You are viewing a plain text version of this content. The canonical link for it is here.

Posted to dev@pirk.apache.org by Tim Ellison <t....@gmail.com> on 2016/09/28 08:53:48 UTC

Thoughts on exponent tables

Presently, Pirk has the ability to create exponent tables for a query
either in memory directly via the Query#expTable (which ends up being a
map of maps element -> <power, element^power mod N^2>), or using
map-reduce on HDFS via Query#expFileBasedLookup (which ends up being
element hash -> filename containing <power, element^power mod N^2>
strings, and back in memory as a Guava cache).

I'm inclined to pull these table representations out to a core abstract
type that provides the exponent table calls, and create the concrete
implementations under there.  Then all the table building and lookup
would be in one place, and a Query would just have one expTable
reference to worry about.

This would then result in changing the QueryInfo constructors to take a
concrete type of expTable, rather than the booleans
useExpLookupTableInput and useHDFSExpLookupTableInput; which should
scale better if we want to try useRedisExpLookupTable or whatever in
future, and it reduces the pirk-core's direct references to HDFS.

WDYT?

Regards,
Tim

Re: Thoughts on exponent tables

Posted by Tim Ellison <t....@gmail.com>.

On 13/10/16 18:50, Ellison Anne Williams wrote:
> The embedded lookup tables are computed Query side as they are specific to
> the (encrypted) query vectors.

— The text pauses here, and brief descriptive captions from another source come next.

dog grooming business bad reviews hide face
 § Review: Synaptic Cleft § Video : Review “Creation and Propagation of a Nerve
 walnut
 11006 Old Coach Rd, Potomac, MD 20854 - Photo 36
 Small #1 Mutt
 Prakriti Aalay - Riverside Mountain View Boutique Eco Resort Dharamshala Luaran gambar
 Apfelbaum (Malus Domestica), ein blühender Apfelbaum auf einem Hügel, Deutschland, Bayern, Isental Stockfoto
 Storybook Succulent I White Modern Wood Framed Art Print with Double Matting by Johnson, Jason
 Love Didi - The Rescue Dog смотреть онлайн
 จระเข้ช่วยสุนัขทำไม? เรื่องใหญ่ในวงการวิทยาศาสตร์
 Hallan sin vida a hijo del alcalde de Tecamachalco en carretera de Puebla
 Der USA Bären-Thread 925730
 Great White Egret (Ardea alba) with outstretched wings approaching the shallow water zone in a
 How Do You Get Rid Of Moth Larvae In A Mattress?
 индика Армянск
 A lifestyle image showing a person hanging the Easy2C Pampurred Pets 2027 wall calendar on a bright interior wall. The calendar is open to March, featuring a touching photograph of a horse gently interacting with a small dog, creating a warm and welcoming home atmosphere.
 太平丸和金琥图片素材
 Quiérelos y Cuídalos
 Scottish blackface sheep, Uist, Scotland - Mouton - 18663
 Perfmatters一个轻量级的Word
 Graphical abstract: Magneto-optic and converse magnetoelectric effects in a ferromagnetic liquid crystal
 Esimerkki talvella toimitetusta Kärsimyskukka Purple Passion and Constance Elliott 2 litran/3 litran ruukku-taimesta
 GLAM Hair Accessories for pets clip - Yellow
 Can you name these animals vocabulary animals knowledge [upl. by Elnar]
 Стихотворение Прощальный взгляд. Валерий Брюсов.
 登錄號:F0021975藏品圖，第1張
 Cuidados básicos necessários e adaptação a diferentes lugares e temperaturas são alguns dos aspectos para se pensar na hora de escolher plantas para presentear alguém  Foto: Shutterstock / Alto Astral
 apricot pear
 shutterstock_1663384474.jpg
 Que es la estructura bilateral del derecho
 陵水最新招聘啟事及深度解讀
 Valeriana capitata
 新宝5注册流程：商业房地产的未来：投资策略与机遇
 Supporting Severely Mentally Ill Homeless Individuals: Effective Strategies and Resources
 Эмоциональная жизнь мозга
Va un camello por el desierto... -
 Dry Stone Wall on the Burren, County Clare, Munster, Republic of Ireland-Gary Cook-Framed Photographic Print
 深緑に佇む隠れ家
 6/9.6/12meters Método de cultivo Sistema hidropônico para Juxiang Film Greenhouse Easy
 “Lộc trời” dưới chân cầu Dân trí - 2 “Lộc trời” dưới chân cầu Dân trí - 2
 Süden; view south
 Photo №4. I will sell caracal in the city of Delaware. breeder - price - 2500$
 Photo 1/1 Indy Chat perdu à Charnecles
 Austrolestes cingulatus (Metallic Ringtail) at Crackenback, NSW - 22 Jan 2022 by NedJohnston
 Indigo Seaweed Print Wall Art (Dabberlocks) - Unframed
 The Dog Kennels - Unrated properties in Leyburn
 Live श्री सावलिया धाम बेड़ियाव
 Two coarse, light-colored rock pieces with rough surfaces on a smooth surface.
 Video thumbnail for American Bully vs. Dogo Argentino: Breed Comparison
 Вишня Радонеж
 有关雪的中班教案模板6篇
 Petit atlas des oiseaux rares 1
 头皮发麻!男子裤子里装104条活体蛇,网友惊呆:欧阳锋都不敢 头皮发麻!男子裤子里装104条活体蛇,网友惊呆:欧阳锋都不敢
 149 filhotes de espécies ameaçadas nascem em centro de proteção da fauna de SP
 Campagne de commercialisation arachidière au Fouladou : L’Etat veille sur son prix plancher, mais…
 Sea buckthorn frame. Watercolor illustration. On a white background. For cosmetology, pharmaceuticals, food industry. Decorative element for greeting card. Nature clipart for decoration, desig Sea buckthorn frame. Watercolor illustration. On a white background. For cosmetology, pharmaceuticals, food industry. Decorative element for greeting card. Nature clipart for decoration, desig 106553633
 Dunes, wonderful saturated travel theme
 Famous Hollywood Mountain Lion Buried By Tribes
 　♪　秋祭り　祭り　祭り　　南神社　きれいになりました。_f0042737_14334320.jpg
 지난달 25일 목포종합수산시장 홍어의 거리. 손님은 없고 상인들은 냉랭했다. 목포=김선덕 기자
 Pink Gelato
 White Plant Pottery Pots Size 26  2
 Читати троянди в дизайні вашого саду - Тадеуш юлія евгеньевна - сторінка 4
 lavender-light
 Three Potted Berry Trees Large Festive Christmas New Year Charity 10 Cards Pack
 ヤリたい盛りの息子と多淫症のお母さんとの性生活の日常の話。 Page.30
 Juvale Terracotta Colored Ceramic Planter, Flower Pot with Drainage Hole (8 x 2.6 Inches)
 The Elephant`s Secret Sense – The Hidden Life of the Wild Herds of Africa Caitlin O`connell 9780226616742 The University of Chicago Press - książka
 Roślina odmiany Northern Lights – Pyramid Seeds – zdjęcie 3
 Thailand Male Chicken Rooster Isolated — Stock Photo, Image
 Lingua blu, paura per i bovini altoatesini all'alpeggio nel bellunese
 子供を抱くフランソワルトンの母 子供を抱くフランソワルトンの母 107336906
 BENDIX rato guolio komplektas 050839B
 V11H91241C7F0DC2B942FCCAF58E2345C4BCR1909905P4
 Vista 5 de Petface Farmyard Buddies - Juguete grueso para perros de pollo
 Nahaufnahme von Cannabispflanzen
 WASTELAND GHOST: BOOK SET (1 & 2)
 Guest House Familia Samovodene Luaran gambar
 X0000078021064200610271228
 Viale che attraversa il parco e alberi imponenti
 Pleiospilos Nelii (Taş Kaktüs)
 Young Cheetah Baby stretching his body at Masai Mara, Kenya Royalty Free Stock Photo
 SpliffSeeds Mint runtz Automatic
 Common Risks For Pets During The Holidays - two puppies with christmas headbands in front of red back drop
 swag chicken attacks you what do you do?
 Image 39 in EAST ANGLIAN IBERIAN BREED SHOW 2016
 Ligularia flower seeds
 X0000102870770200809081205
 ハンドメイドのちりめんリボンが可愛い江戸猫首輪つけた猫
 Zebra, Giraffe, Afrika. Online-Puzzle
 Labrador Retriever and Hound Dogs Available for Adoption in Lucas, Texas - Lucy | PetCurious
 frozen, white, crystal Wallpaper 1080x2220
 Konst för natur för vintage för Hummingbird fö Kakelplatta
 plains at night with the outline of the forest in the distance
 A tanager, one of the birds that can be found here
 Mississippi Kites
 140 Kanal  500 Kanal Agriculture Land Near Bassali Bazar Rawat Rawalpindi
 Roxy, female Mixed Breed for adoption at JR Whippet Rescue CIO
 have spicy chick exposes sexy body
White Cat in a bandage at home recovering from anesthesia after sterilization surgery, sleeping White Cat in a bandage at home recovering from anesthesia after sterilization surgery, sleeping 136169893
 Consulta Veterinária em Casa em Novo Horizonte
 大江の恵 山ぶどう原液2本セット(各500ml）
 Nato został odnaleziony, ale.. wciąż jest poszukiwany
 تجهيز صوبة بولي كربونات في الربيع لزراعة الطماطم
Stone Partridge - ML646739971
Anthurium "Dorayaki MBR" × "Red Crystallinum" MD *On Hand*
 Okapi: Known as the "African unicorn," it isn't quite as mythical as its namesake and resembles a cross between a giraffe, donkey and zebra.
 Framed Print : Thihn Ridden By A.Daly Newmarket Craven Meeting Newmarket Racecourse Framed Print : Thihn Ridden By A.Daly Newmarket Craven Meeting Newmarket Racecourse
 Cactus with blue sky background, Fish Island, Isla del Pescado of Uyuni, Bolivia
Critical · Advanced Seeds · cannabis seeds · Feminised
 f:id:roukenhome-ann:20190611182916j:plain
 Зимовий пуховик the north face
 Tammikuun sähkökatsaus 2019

The 'embedded' part is key here - if you
> compute them in the Responder, then you have to repeat that computation
> each time you would like to run the query instead of just pulling the
> (one-time) pre-computed lookup table from the Query object.

Yet as we can see, the responder may choose:
- not to use a lookup table at all,
- generate it for this query, and keep it in memory ("embedded"),
- precompute the table and store it in HDFS,
- other ways to get the exp values we have not thought of yet.

So it is odd that the details of the implementation by which the
responder finds the exp values is decided by the querier.

p.s. it makes me a bit nervous, though without any concrete proof, for
the querier to be giving the responder pre-computed exponent values used
in compiling the encrypted response.  What if the querier chooses to lie
through the expTable (e.g. always answer 1)?  Can't they use that to
figure out details of the underlying data?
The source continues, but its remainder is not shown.